--- ENTRIES SUPPLIED Enclosed Below ---

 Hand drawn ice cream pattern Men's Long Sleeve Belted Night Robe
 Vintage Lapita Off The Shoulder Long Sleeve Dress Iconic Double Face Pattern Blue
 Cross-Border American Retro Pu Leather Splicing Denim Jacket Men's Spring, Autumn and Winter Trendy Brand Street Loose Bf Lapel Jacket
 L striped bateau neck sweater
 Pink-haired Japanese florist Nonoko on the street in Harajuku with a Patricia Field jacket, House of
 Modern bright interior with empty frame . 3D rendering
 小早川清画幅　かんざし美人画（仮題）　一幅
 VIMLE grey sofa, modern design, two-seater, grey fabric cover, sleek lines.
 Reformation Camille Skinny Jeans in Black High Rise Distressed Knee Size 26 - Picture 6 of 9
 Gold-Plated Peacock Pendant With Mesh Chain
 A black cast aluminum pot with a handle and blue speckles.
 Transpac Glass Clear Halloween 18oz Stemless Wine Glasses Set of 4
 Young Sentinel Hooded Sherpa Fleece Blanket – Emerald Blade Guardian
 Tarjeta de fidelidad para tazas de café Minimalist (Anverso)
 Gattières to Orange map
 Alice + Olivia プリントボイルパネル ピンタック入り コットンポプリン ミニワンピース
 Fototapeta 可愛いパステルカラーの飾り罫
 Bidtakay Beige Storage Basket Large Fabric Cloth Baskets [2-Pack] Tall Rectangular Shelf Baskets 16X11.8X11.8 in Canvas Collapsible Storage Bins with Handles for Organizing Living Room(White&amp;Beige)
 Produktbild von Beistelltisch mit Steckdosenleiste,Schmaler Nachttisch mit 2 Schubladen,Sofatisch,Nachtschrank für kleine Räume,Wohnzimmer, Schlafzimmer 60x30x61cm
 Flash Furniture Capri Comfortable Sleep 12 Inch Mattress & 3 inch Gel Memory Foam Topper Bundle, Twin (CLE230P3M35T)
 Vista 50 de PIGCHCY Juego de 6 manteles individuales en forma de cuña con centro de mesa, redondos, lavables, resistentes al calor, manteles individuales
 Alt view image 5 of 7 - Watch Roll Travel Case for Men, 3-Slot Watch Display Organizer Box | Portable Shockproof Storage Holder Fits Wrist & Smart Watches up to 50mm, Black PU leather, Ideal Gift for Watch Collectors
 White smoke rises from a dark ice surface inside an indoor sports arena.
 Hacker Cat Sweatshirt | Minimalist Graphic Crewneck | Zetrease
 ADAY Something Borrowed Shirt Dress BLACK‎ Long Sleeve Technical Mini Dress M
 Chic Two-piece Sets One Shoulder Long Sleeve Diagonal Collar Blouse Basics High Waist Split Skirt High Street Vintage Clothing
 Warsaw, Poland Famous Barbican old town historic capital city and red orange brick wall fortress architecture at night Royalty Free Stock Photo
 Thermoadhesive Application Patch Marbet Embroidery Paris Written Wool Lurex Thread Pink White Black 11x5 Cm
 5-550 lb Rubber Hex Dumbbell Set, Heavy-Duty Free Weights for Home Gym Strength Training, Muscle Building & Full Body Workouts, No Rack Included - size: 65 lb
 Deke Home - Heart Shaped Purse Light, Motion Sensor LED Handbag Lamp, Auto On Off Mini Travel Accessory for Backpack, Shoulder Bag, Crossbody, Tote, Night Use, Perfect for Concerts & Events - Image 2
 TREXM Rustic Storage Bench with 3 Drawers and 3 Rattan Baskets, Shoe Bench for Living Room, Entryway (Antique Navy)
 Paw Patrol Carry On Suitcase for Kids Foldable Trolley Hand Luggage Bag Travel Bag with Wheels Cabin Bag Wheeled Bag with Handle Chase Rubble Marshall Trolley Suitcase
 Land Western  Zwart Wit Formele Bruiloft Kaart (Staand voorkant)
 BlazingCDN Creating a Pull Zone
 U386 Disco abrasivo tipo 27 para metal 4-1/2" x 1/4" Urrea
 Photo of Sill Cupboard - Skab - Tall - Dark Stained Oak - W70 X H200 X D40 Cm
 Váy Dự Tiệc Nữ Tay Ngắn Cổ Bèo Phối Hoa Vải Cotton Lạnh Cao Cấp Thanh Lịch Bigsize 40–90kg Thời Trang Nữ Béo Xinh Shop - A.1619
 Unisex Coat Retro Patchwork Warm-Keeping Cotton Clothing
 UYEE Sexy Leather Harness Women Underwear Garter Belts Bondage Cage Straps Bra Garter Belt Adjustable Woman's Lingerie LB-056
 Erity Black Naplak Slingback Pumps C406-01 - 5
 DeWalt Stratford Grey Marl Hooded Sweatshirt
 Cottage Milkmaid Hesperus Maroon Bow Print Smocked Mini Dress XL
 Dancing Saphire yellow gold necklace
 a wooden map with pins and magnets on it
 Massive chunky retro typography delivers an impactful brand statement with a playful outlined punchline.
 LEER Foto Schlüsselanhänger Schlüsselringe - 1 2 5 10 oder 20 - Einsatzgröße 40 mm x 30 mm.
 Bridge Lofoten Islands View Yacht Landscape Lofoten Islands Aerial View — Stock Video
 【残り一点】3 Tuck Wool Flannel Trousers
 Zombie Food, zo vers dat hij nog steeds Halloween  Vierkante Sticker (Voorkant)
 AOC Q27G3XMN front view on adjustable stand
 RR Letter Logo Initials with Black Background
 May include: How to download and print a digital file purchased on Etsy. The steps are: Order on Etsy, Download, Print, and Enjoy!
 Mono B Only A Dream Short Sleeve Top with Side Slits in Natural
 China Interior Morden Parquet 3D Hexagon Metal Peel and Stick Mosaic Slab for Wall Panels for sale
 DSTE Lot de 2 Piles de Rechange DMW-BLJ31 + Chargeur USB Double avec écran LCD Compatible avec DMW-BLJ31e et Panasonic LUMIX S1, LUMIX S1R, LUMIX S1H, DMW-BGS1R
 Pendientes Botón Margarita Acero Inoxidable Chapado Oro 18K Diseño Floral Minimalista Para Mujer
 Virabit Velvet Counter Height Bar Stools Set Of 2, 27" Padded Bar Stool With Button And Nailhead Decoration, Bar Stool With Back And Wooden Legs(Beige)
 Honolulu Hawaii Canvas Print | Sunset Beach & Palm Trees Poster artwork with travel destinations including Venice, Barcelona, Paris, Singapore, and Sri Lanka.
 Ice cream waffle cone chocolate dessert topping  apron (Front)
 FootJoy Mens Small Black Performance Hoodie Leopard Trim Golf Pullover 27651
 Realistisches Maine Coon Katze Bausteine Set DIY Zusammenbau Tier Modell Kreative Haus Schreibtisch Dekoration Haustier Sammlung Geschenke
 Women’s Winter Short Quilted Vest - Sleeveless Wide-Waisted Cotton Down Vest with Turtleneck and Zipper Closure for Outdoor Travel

--- End of Enclosed ENTRIES SUPPLIED ---

● WHAT TO WORK ON
Would you copy, unchanged, the stretch of the records above that begins at the line containing "Alt view image" and ends at the line containing "Hacker Cat Sweatshirt", and only that?

● SOLUTION TO THIS EXERCISE
 Alt view image 5 of 7 - Watch Roll Travel Case for Men, 3-Slot Watch Display Organizer Box | Portable Shockproof Storage Holder Fits Wrist & Smart Watches up to 50mm, Black PU leather, Ideal Gift for Watch Collectors
 White smoke rises from a dark ice surface inside an indoor sports arena.
 Hacker Cat Sweatshirt | Minimalist Graphic Crewneck | Zetrease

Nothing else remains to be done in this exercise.